私の勝手な予測では、『なしかさん』には聞こえておらず、懸命に拭き続けるものだと考えていました。
「ひっ」
私は思わず声を上げてしまいました。
予想に反して、『なしかさん』が手を止めて、こちらを見てきたからです。
それだけではありません。
無表情に虚ろな目。
その口からは……
『う゛っ』
私は思わず吐いてしまいました。
防寒着で寒くないのに震えが止まりませんでした。
私はタオルで拭いているとばかり思っていました。
『なしかさん』の、白い息を吐く口に咥えられたものをみるまでは。
私は何かを叫びながら、自転車に乗ってダッシュで帰りました。
何度か自転車のチェーンが外れて、焦りながらチェーンに手を突っ込んでケガをしたのを覚えてます。
次の日の学校を休みたかったのですが、進学校のため休むことは許されなかったので、しぶしぶ登校しました。
昨日の道に差し掛かった時に、怖いもの見たさというか、なんとなくチラッと見てみました。

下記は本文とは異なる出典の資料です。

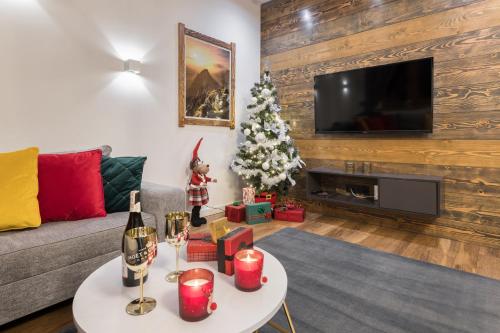 a living room with a christmas tree and a couch at Willa Jarosta in Zakopane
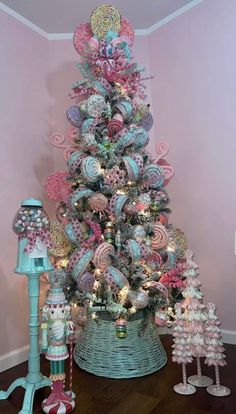 a christmas tree decorated with lollipops and candy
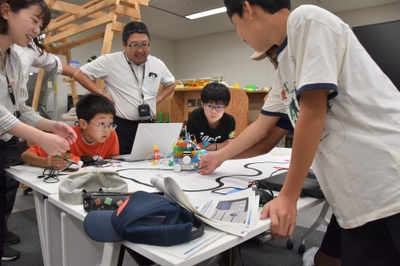 蛇行するコースでゴールできるかな？マシンの動きに注目する子供たち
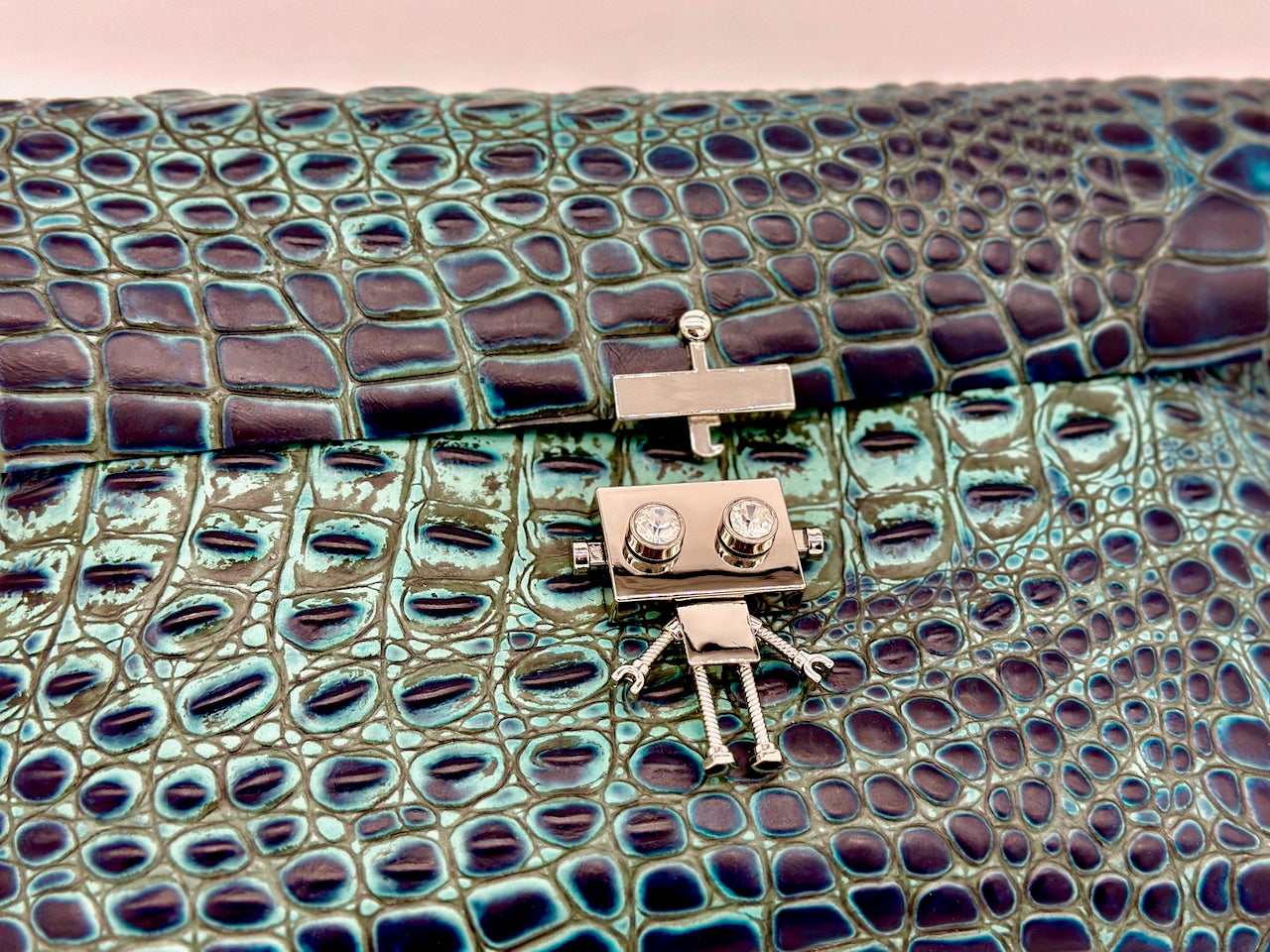 Clutch bag with crocodile texture and robot clasp unlocked 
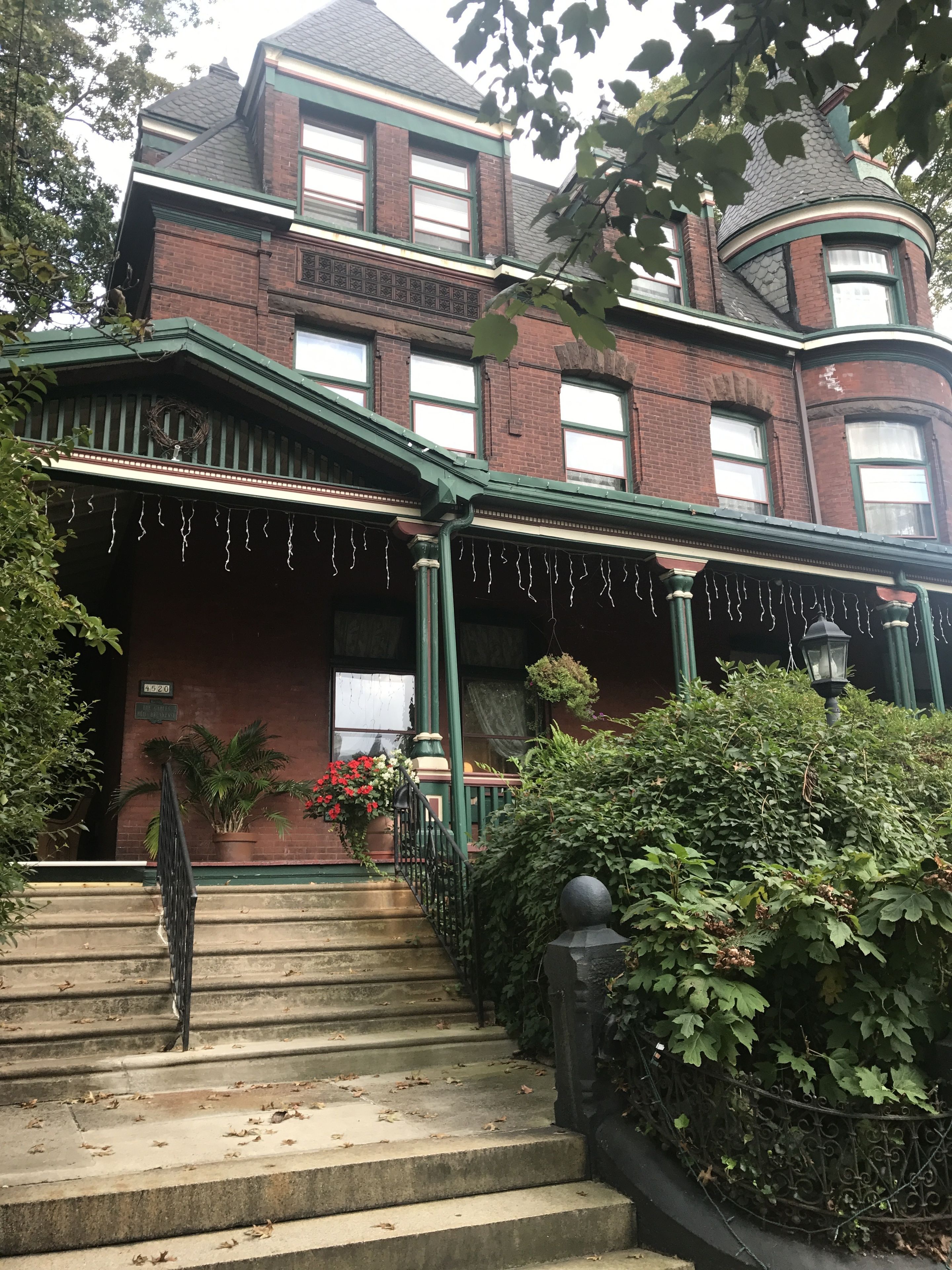 A Victorian-style house with a wrap-around porch, brick facade, and a turret.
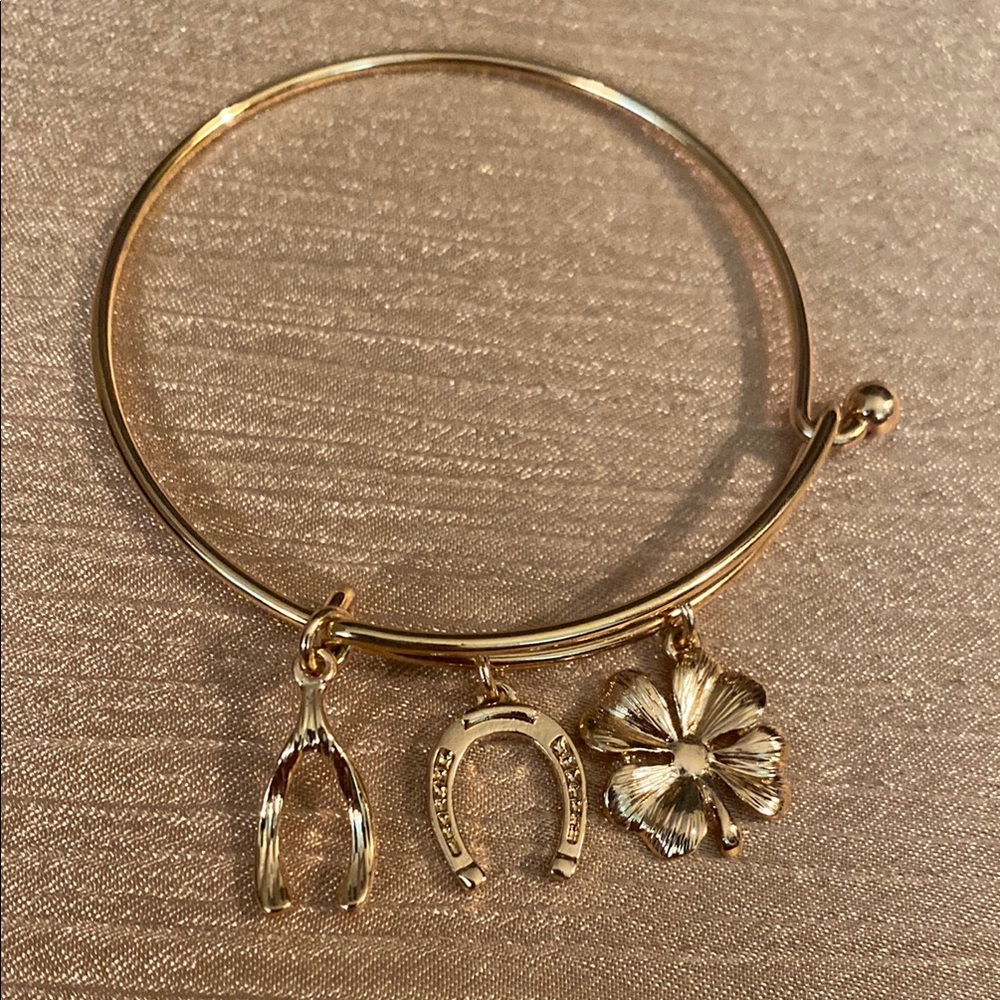 Avon Gold Tone Charm Bracelet with Wishbone, Horseshoe, and Clover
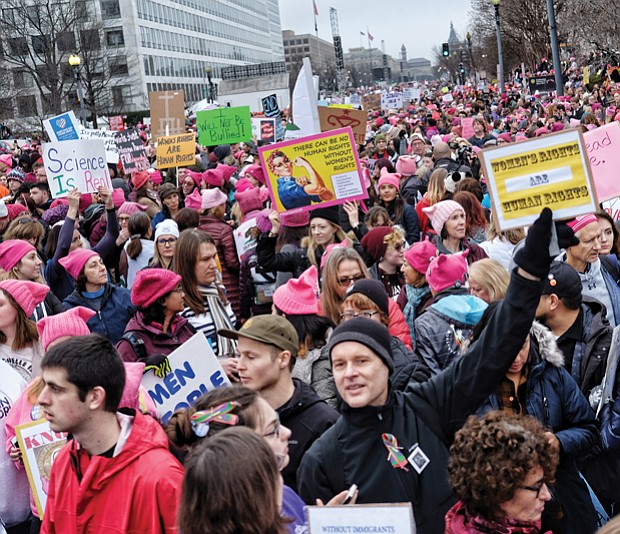 Throngs of demonstrators, many wearing signature pink hats, crowd Washington streets the day after President Trump’s inauguration in January for the Women’s March on Washington.
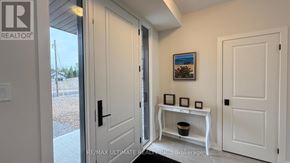 Lake Of Bays (Franklin) apartment for rent - A white door with a black handle is open to a hallway.
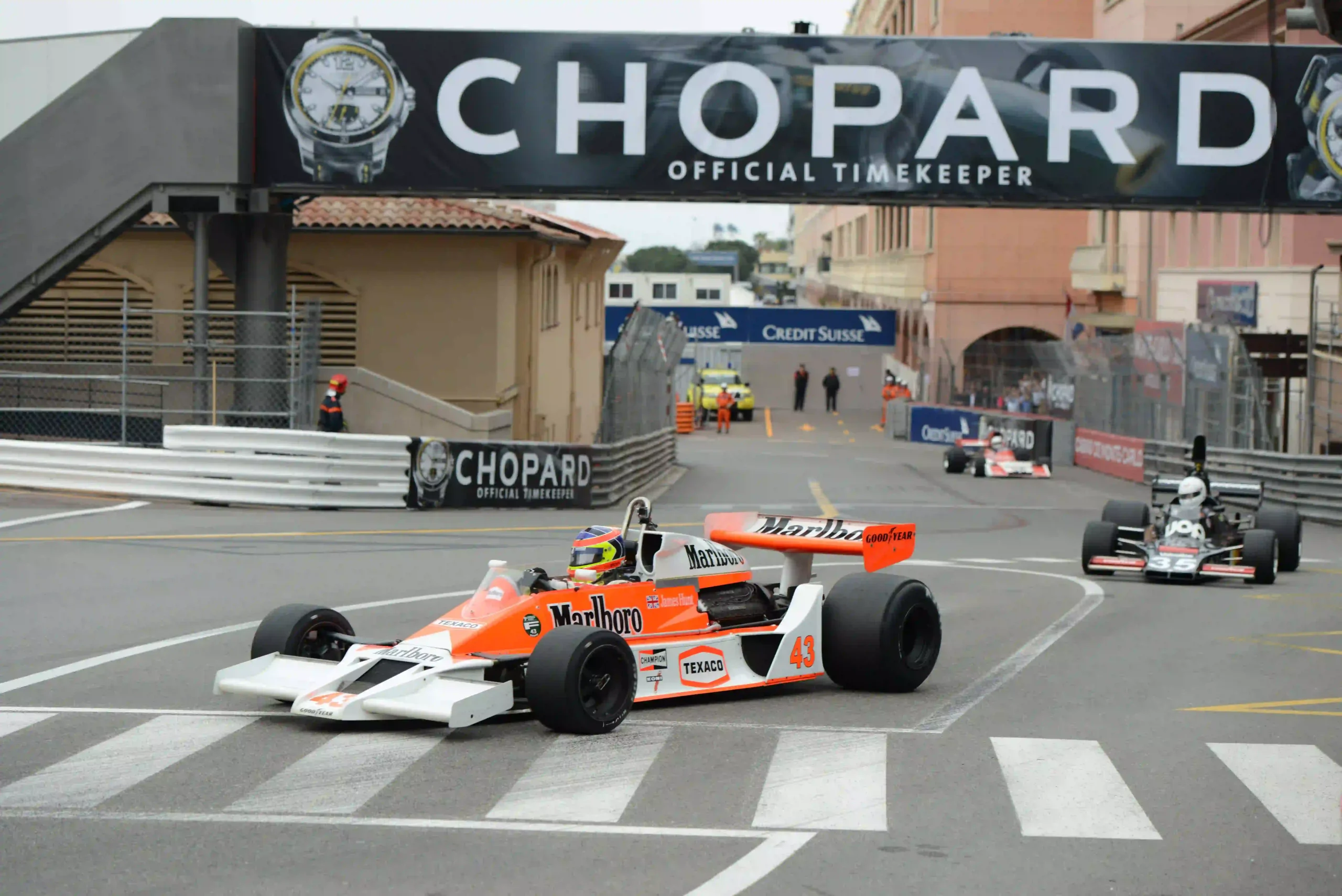 Historic Formula 1 cars racing through Monaco during the 2014 Monaco Historic Grand Prix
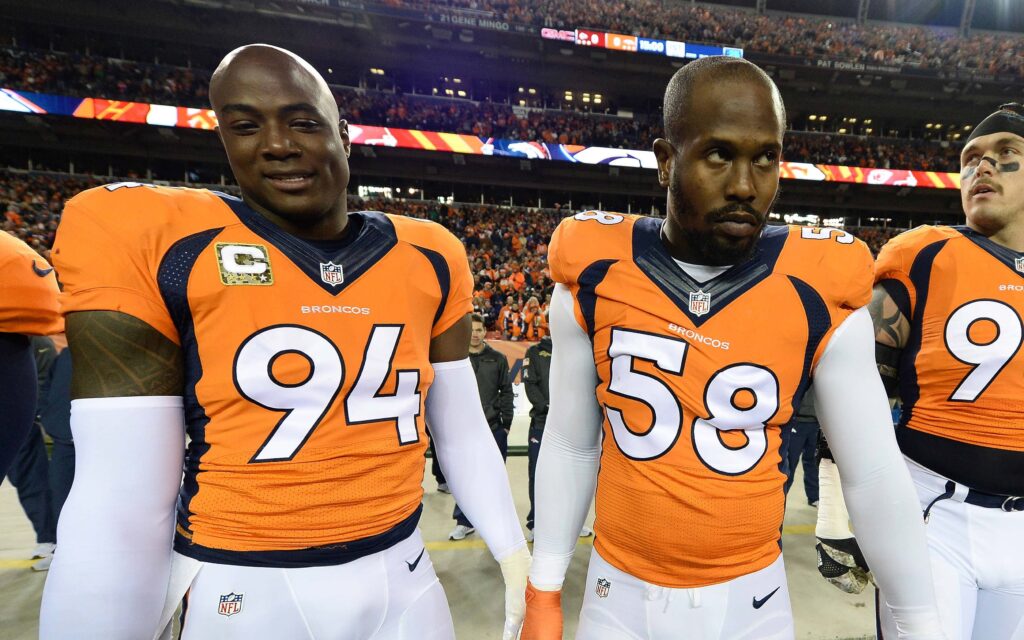 DeMarcus Ware, Von Miller and Derek Wolfe. Credit: Ron Chenoy, USA TODAY Sports.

そこには『なしかさん』は勿論、猫もいなくてかわりに黒いシミだけありました。
私は、『なしかさん』の人柄の良さゆえに、あんな話は誰も信じてくれそうもないので、ずっとだまってました。
数ヶ月後、偶然『なしかさん』に遭遇しました。
ちょうど友だちと久しぶりの試験休みを町で満喫していた時でした。
私は横で凍り付いていましたが、友達が
「はい、あげる♪」
といって、コンビニのデザートを渡すと、
「ありがてぇ、ありがてぇ」
と手を擦り合わせて受け取り、去って行きました。
『なしかさん』はいつもと変わっていませんが、私はもう昔のようになしかさんに自分から近付けません。
あのあと、『なしかさん』がたつきちをどう処理したのか知る人は誰もいません。
何故『なしかさん』はたつきちの一部を口に含んでいたのかが、未だに理解できません。